Spis treści
Na 13 złożonych aplikacji o obszar obdarzony numerem 43.E.1 tylko cztery uzyskały minimalną liczbę punktów. Oprócz PGE Baltica 4, wspólnej spółki PGE i Taurona, na kolejnych miejscach znalazły się wnioski: EDF Renewable Offshore Polska, RWE (Cormano) i ENI (spółka Polish Offshore Wind). Ministerstwo Infrastruktury nie podało liczby punktów, jakie uzyskały poszczególne wnioski.

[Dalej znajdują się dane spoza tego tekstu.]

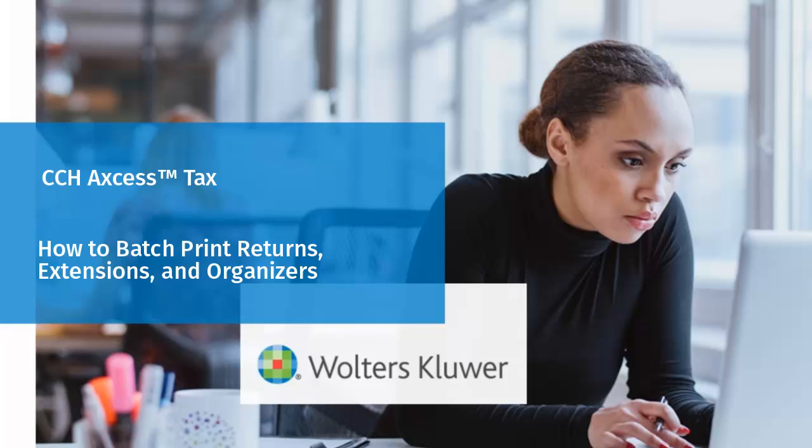Hello, welcome to the video on Batch Printing Returns, Extensions, or Organizers in CCH Axcess Tax.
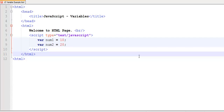I have declared two variables in JavaScript here. One variable is called num1, the other variable is called num2. Each one of the two variables are holding a value. As we have learned in the last tutorial, the equals to sign — on the right hand side we have a value, left hand side we have a variable, and the value gets assigned to the variable. So num1 holds a value of 10 in its memory location, and num2 holds a value of 20 in its memory location.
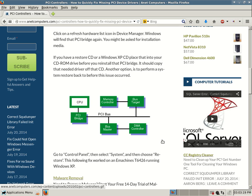You go into Device Manager. Perhaps you might be having a problem with your Ethernet device or your PCI controller. You see a yellow exclamation point with an error code.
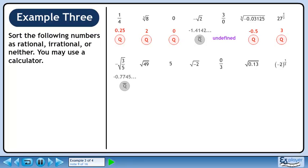Negative root 3 over 5 is negative 0.7745 continuing. This is an irrational number. Root 49 is 7. This is a rational number. 5 is a rational number.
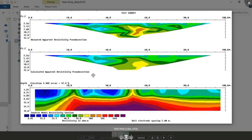That's all for this Wenner array tutorial. In our next video, we'll be talking about dipole-dipole array and other array configurations. Thank you for watching.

Dużym zaskoczeniem jest brak wielkich graczy na liście aplikacji, które osiągnęły minimum kwalifikacyjne. O obszar ten starali się PKN Orlen, Shell, Equinor, Orsted, Ocean Winds, Iberdrola, Baltex, WPD i Eolus.
Blisko i wygodnie
Akwen 43.E.1 o powierzchni ok. 118 km2 jest postrzegany jako jeden z bardziej atrakcyjnych dla rozwoju farm wiatrowych offshore. Decyduje o tym jego spora powierzchnia, bliskie położenie od brzegu lądu na Ławicy Słupskiej, na wysokości Ustki. Z jednej strony jest to obszar położony niedaleko innych projektów wiatrowych – najbliżej obecnego projektu BTI-RWE o mocy 350 MW, z drugiej – na tyle jest oddalony, że nie ma ryzyka jakichkolwiek kolizji z sąsiadującymi farmami. PGE Baltica 4, spółka PGE i Taurona, planuje tu zbudować farmę wiatrową o mocy ok. 990 MW.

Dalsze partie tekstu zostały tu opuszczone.